“The scriptures enlarge our memory by helping us always to remember the Lord and our relationship to Him and the Father. They remind us of what we knew in our premortal life. And they expand our memory in another sense by teaching us about epochs, people, and events that we did not experience personally” (D. Todd Christofferson, “The Blessing of Scripture,” Ensign or Liahona, May 2010, 33).
“[A Church member named Karl G. Maeser] was going with a group of young missionaries across the alps. They were crossing a high mountain pass on foot. There were long sticks stuck into the snow of the glacier to mark the path so that travelers could find their way safely across the glacier and down the mountain on the other side.

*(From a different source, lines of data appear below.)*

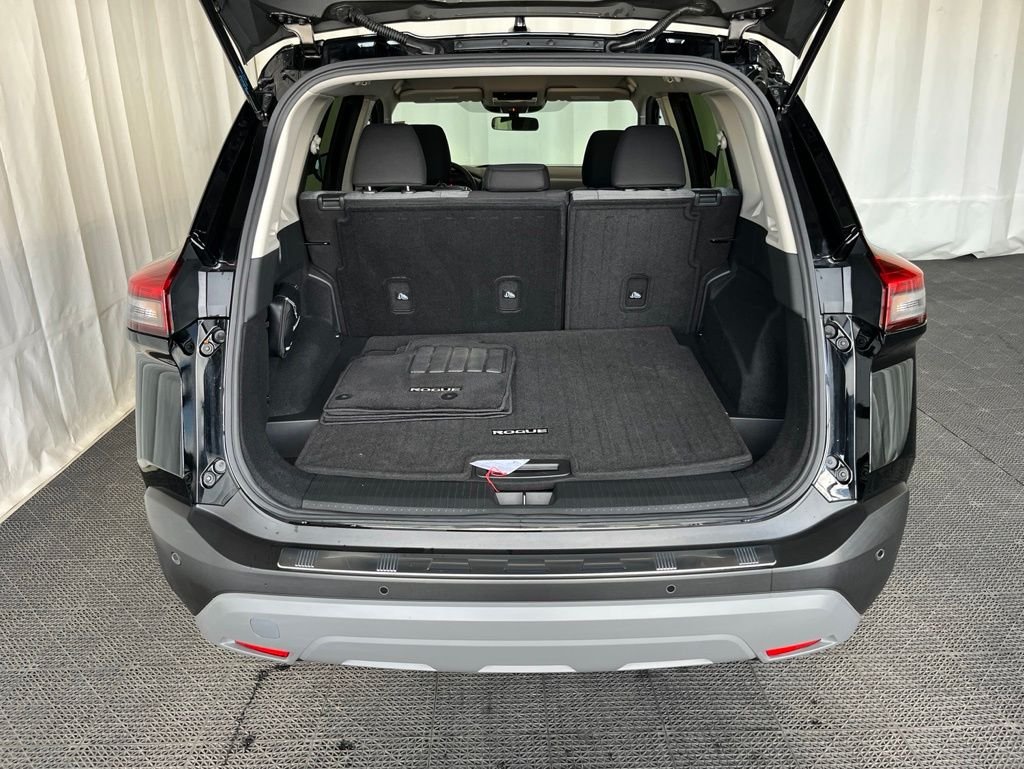Used 2023 Black Nissan SV image 27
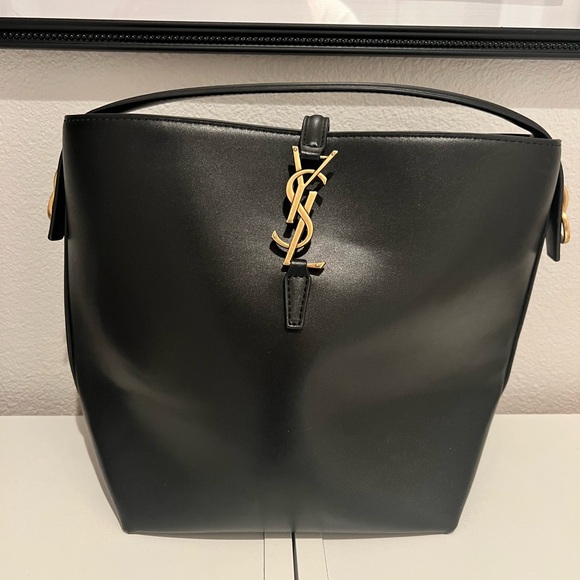 FAUX Saint Laurent Black and Gold Shoulder Bag - Picture 4 of 6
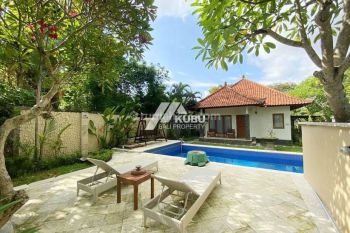 Kbp1228 Charming Villa With A Very Spacious And Large Garden In A Quite And Safe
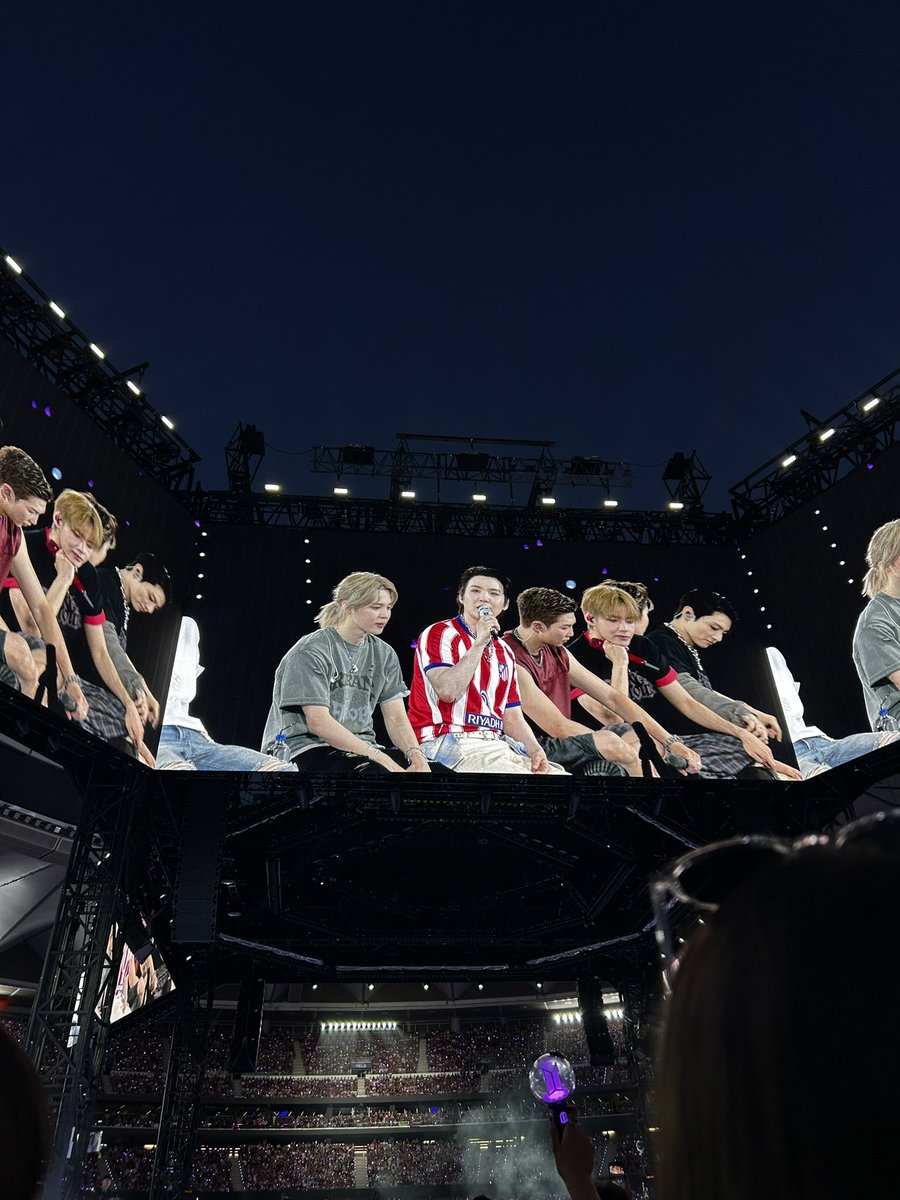 1Dteamo10's tweet photo. Como me recupero de esto???? 

#BTS_ARİRANG_MADRID https://t.co/NZrhvYnQ2N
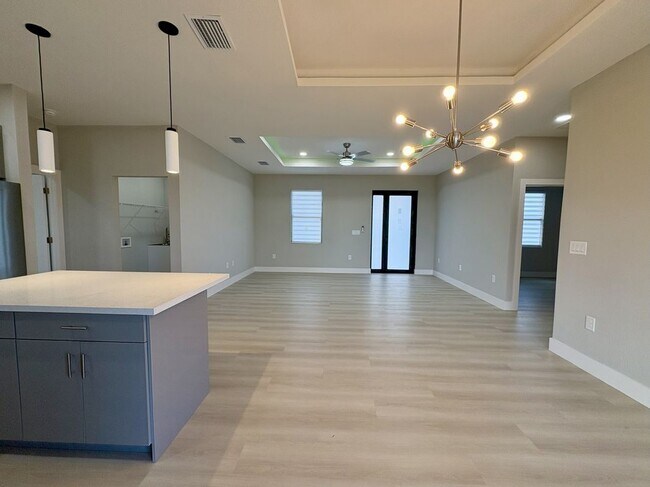 Building Photo - 2709 NW 5th St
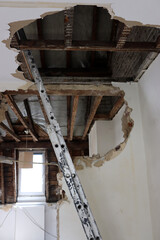 Sanierung des Dachgeschosses und des Dachstuhls eines Altbaus, Abriss des Dachbodens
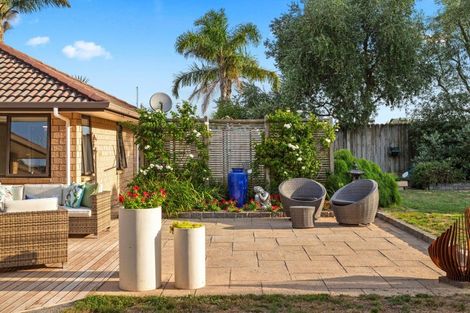 Photo of property in 55 Lough Bourne Drive, Pukekohe, 2120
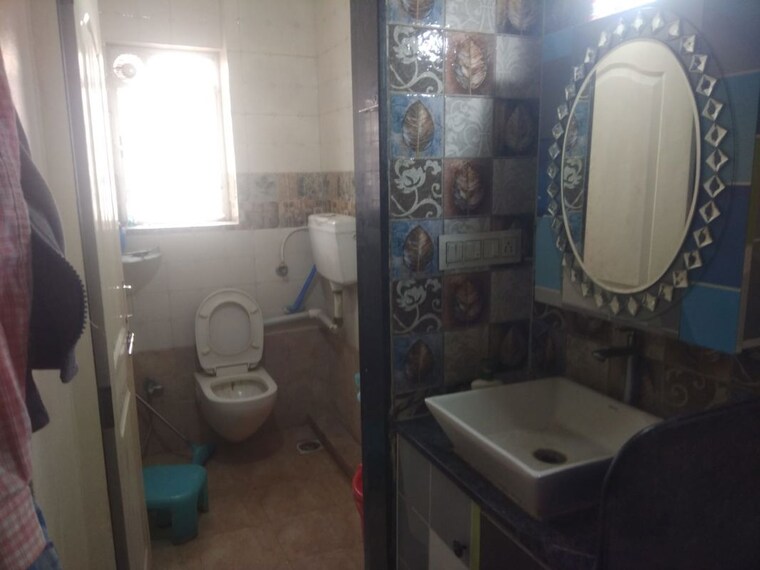 Bathroom, paya-chs-aundh 1 RK 450 Sq.Ft. Apartment In Aundh Pune 10668299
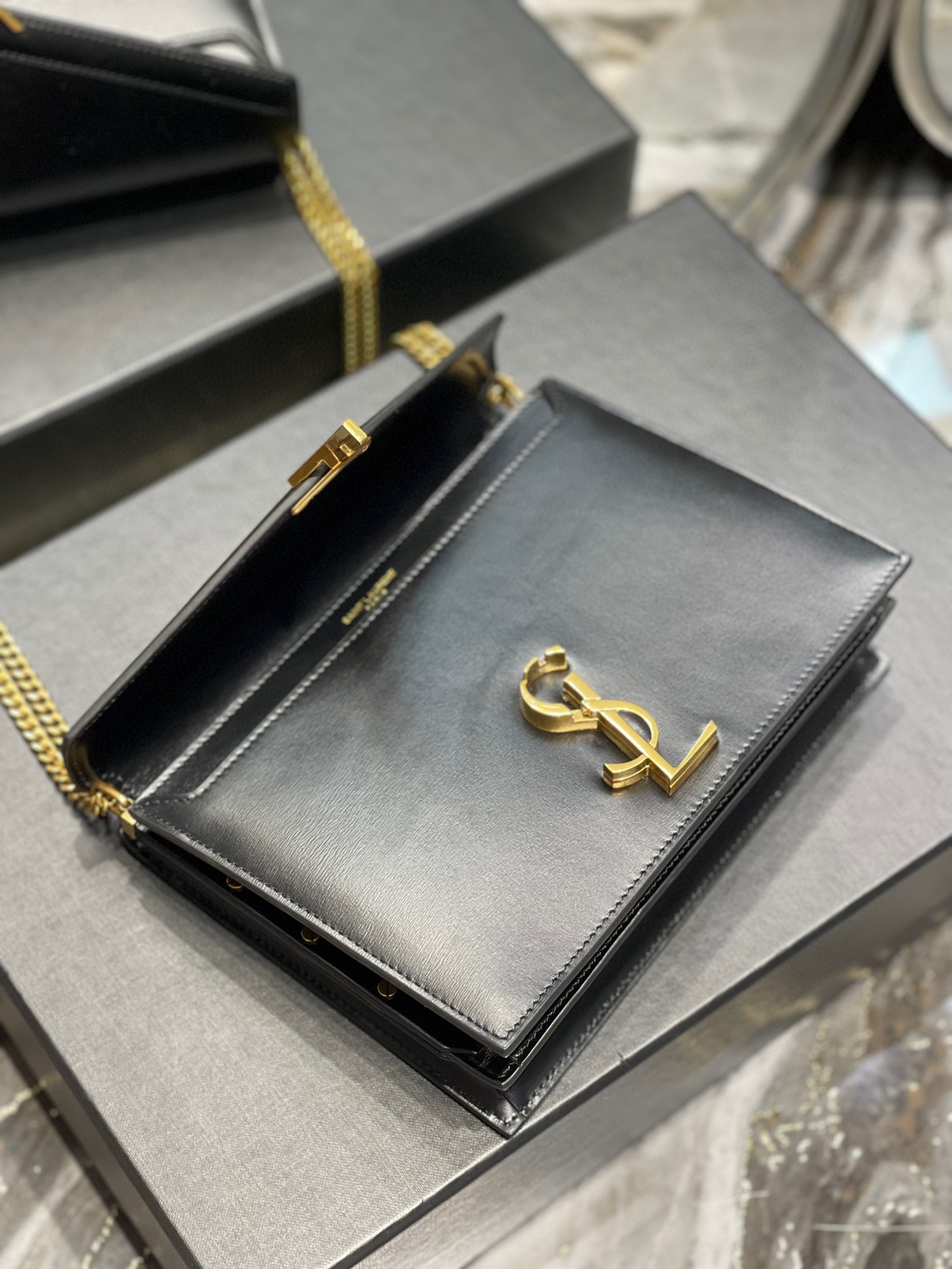 Sa1nt Lau*nt Cassandra Medium Chain Bag Black/White/Red/Green/Burgundy For Women‎ 8.6in/22cm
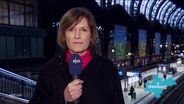 Claudia Drexel berichtet aus dem Hamburger Hauptbahnhof. © Screenshot 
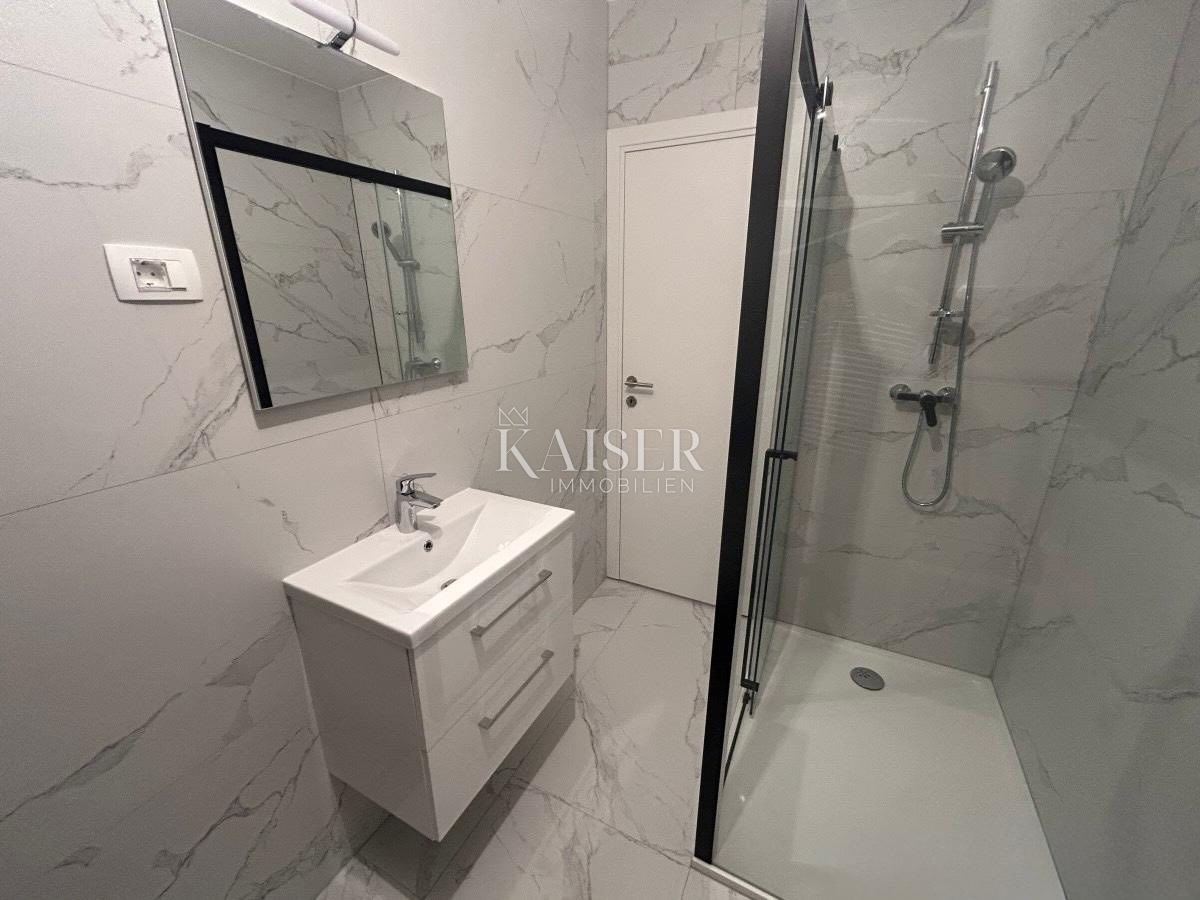 Stanovanje Novigrad, 66m2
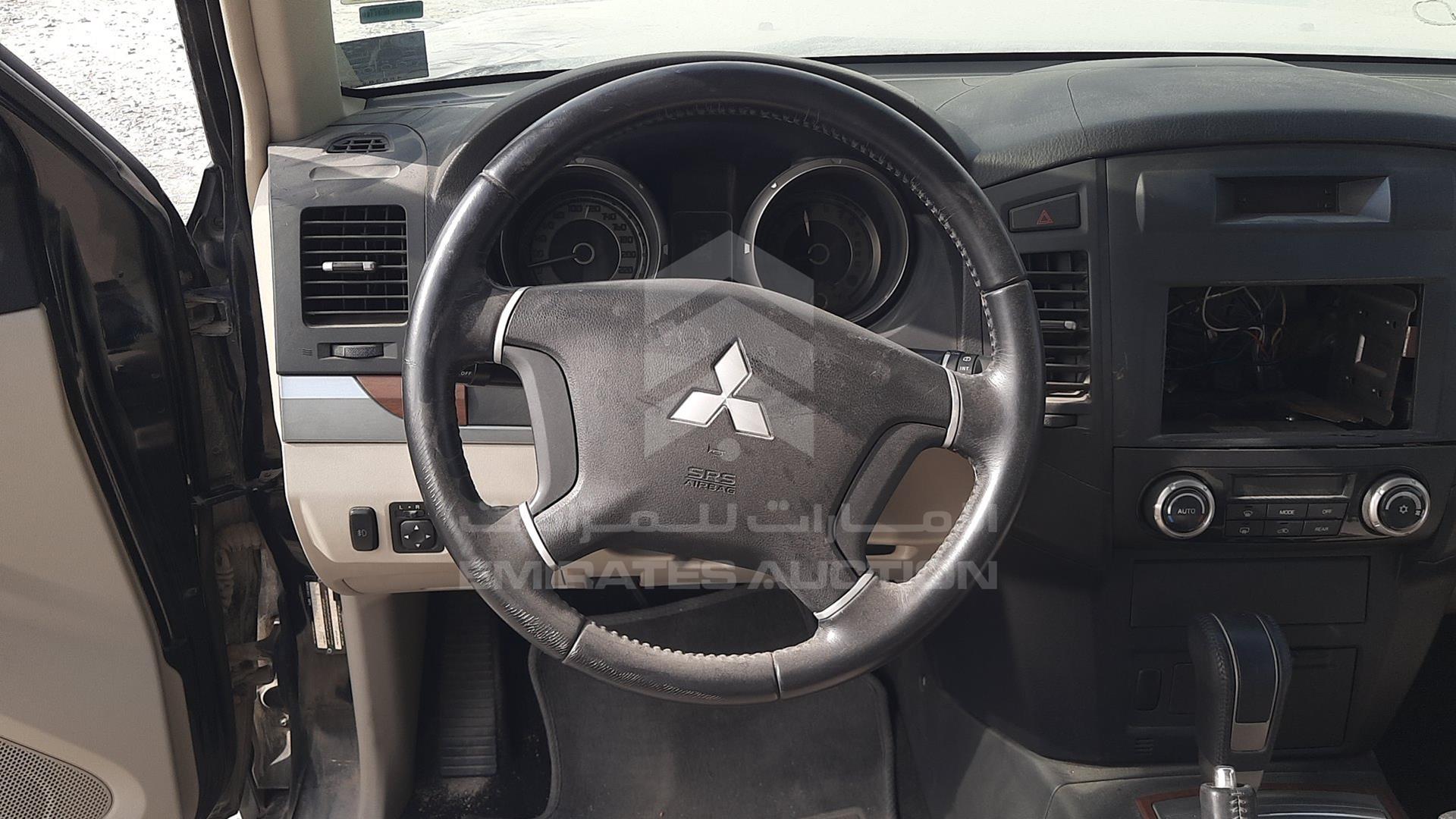 2007 MITSUBISHI PAJERO VIN: JMYLRV93W7J716274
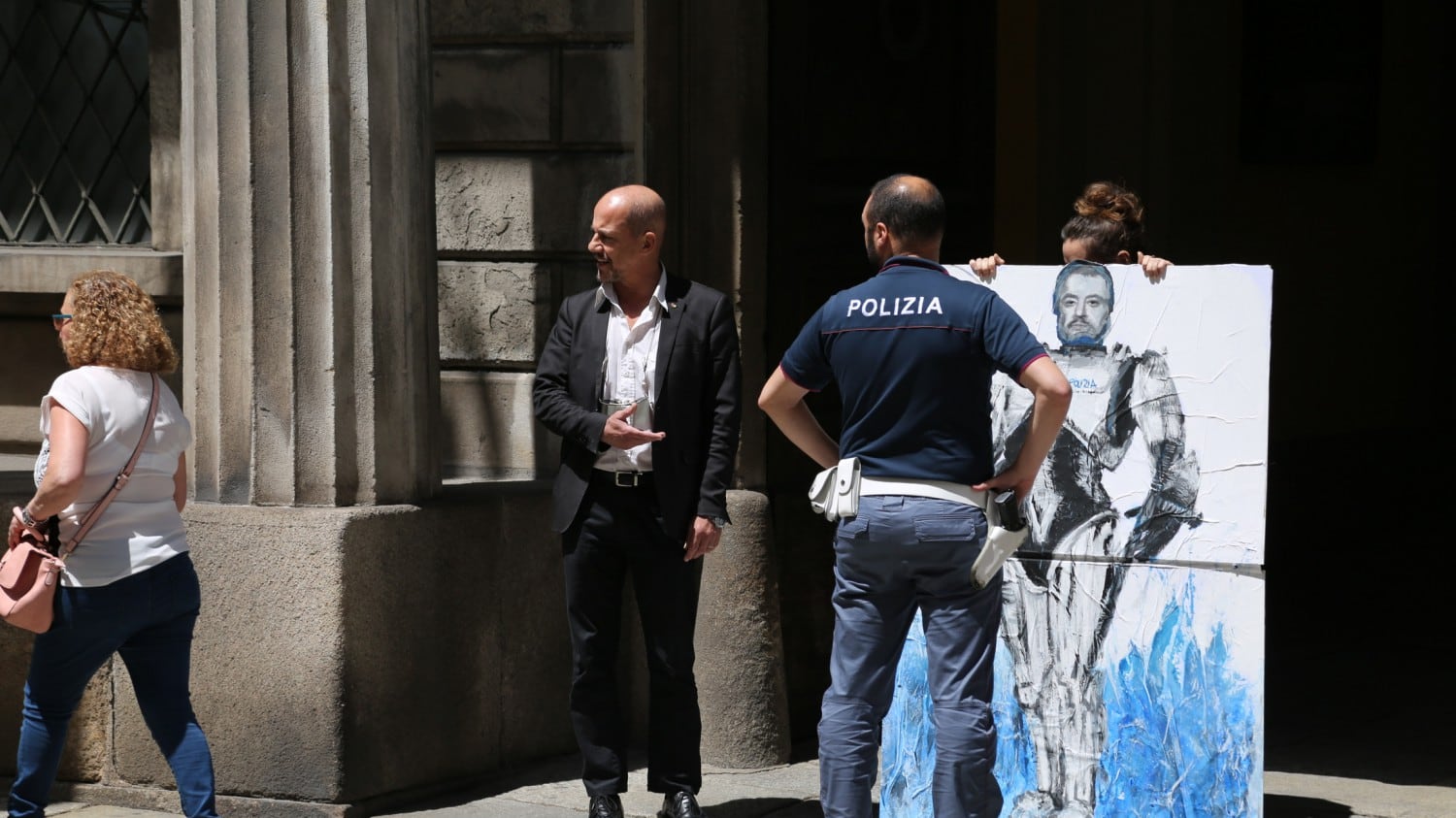 Salvini-Robocop compare all’ingresso della Prefettura di Milano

“When they reached the summit, Brother Maeser … pointed to those sticks that they had followed [and compared them to priesthood leaders in the Church, saying,] ‘They are just common old sticks, but it’s the position that counts. Follow them and you will surely be safe. Stray from them and you will surely be lost’” (Boyd K. Packer, “It Is the Position That Counts,” New Era, June 1977, 51).
President Gordon B. Hinckley planted a young tree near his home soon after he was married. He “paid little attention to it as the years passed.” One day he noticed the tree was misshapen and leaning to the west. He tried to push it upright, but the trunk was too thick. He tried using a rope and pulleys to straighten it, but it would not bend. Finally, he took his saw and cut off the heavy branch on the west side, leaving an ugly scar. He later said of the tree:
“The other day I looked again at the tree. It is large. Its shape is better. It is a great asset to the home. But how serious was the trauma of its youth and how brutal the treatment I used to straighten it.
“When it was first planted, a piece of string would have held it in place against the forces of the wind. I could have and should have supplied that string with ever so little effort. But I did not, and it bent to the forces that came against it” (Gordon B. Hinckley, “Bring Up a Child in the Way He Should Go,” Ensign, Nov. 1993, 59).